12 février 2001. Aïe ! Il y a des vérités qu’on
dévoile devant ses amis et d’autres qu’on revêt de soie avant de les montrer.
Parfois on dénude les vieilles vérités avachies et on drape celles qui sont
flexueuses et cordiales : erreur, cruauté, ou amour ? De tout,
un peu. Pour diminuer les
erreurs, les personnes sensibles privilégient les drapages, c’est pratiquement
leur marque de commerce. « Sait-on vraiment ? », qu’elles
disent, ces maîtresses dans l’art d’épargner les amis. Mais la sensibilité, en
amitié, ne va pas sans problèmes : il n’est pas rare de voir des personnes sensibles s’étonner que
leurs amis trop « épargnés » se rebellent et les accusent de
paternalisme ou de mépris. Le compromis entre drapage et dénudement est un art
diablement complexe qui ne relève pas seulement de l’amour, de l’intelligence
et de la sensibilité, il dépend aussi du type de vérité qu’on croit avoir entre
les mains. On ne drape pas de la même manière une vérité politique ou
littéraire ou scientifique ou un mensonge moral. Imaginez : vous pensez
que Mussolini est une merde et votre ami estime qu’il est un grand homme ?

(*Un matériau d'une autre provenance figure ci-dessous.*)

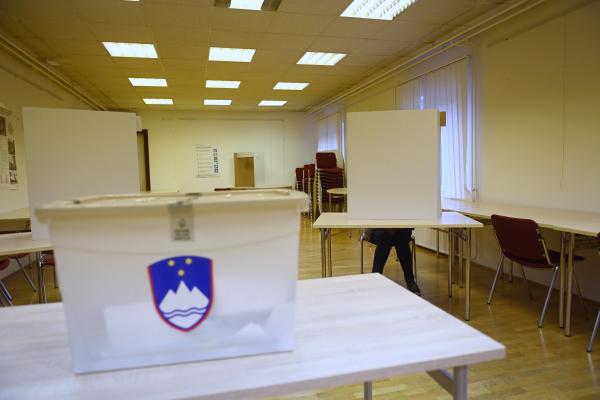 Volilni molk pod drobnogledom: Že 53 prijav, kršiteljem grozijo visoke globe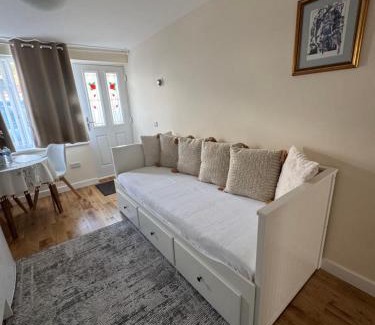 Tea Green Apartment | Sela House - Luton Airport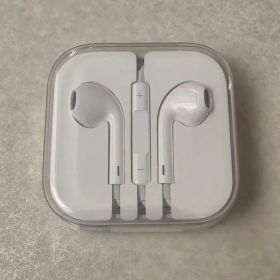 Apple 純正 EarPods 3.5mm イヤホンマイク 純正ケース付き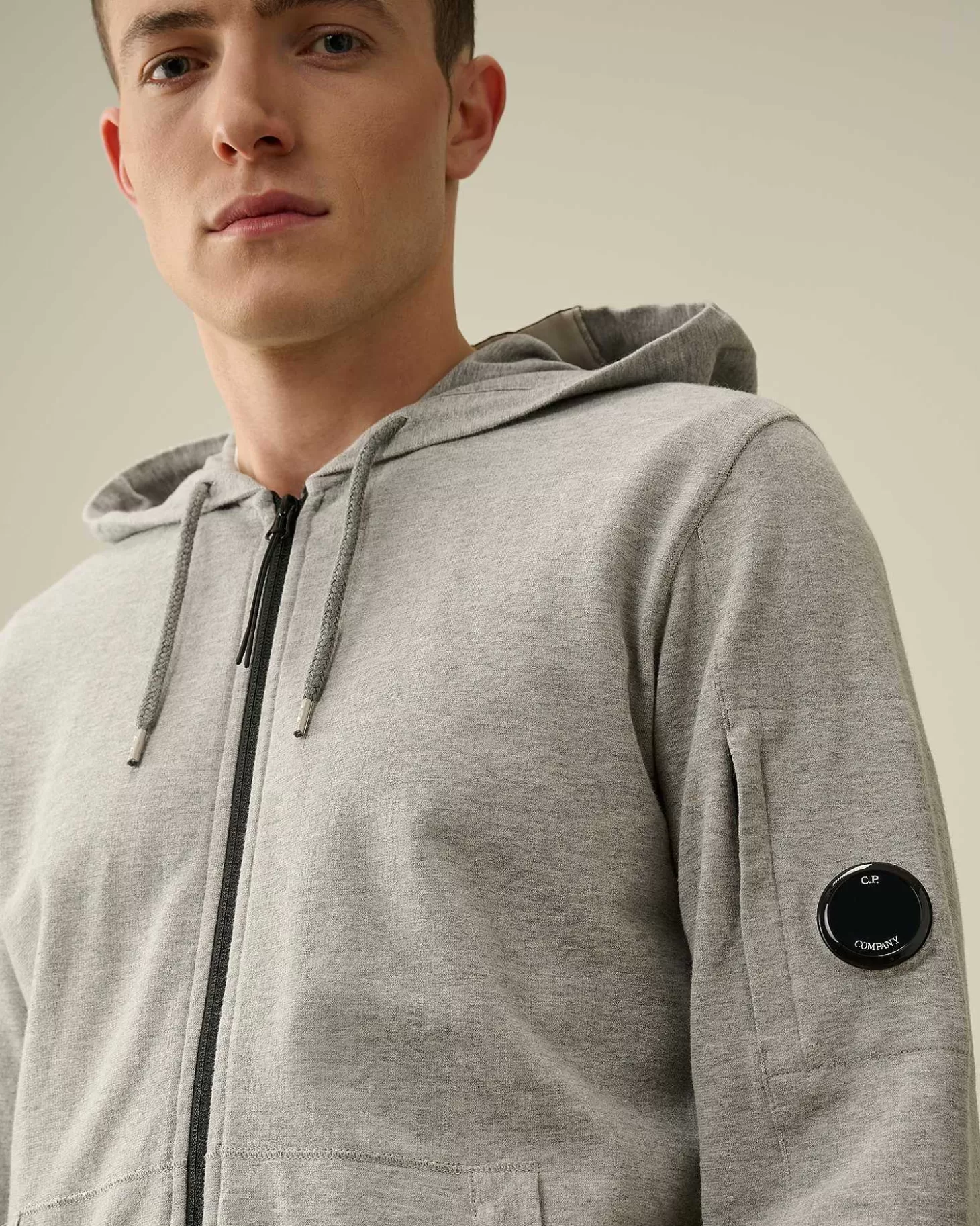 light_fleece_zipped_hoodie_3-4.webp Homme C.P. Company Sweat-Shirts^Light Fleece Zipped Hoodie
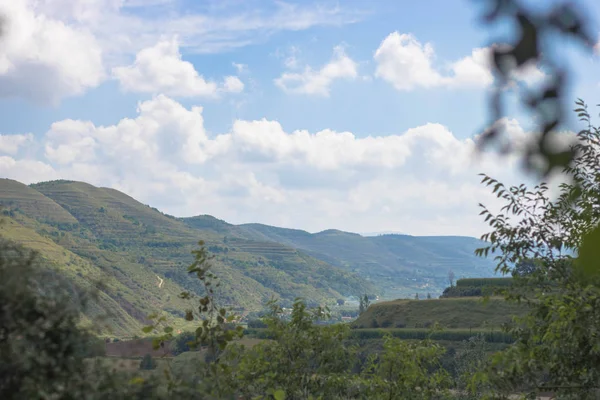 Paisaje Montaña Con Árboles Verdes Cielo Azul — Foto de Stock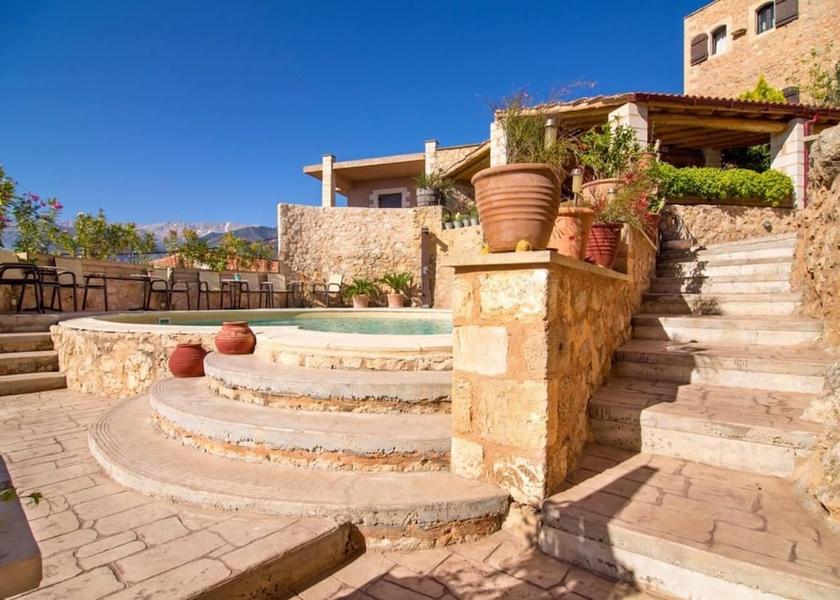 Crete Apokoronas Property Grounds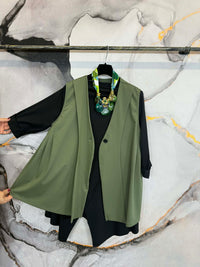 Miris Vest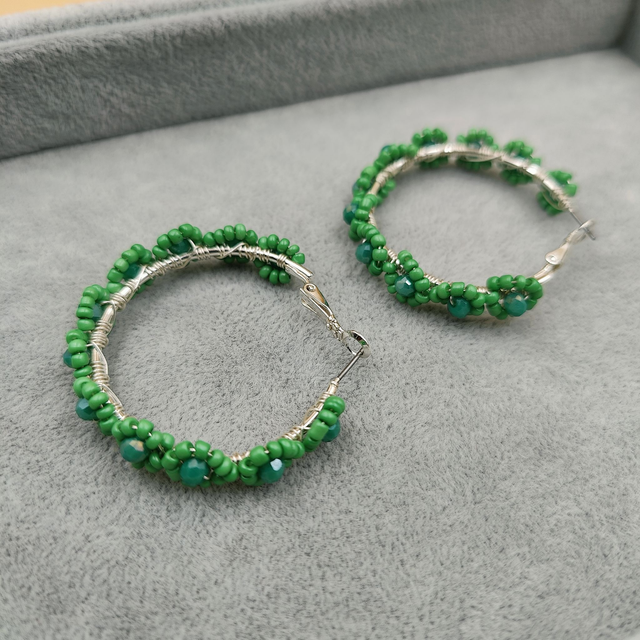 Boucles d’oreilles créoles argentées avec perles vertes en forme de petites fleurs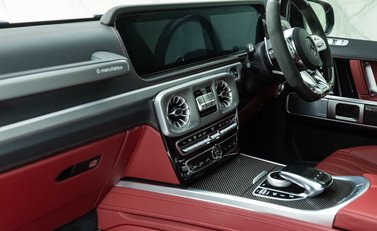 Mercedes-Benz G Class AMG G63 Magno Edition 19
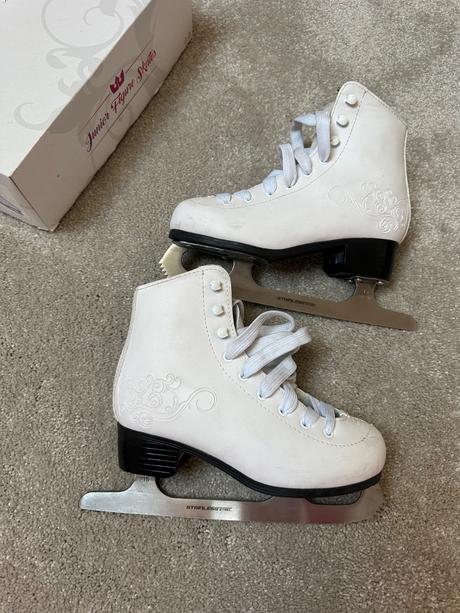 Dievčenské ľadové korčule, crowned,34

Que faire ? Comment en parler ? « Inutile d’en parler »,
disent les dogmatiques qui croient que les amis doivent partager la même vision
du monde et qui ne se sont jamais aperçus que le meilleur terreau pour l’amitié
est celui des différences politiques. Dans ce cas, ma foi bien simple, il
suffirait de draper la vérité politique et de dénuder le désir de changer le
monde, la curiosité, le mépris pour les « contents-de-soi » — ce qui
était jadis l’esprit bourgeois — et la mésestime pour les
« plaignards-sans-génie » — ou esprit petit bourgeois. Il est fort
probable que la vérité politique, quand on n’est pas en guerre, a tout intérêt
à être drapée entre amis et dénudée devant les autres. Mais il y a d’autres
vérités plus ancrées dans la chair, des vérités qui s’implantent dans le corps
et sur lesquelles on n’a aucun contrôle. Des vérités qui renversent les rôles
et nous drapent ou nous dénudent au lieu d’être elles-mêmes drapées ou
dénudées. Des vérités masculines. Comme les jugements littéraires. Vous aimez à
la folie l’auteur X que votre ami trouve moche ? Aïe !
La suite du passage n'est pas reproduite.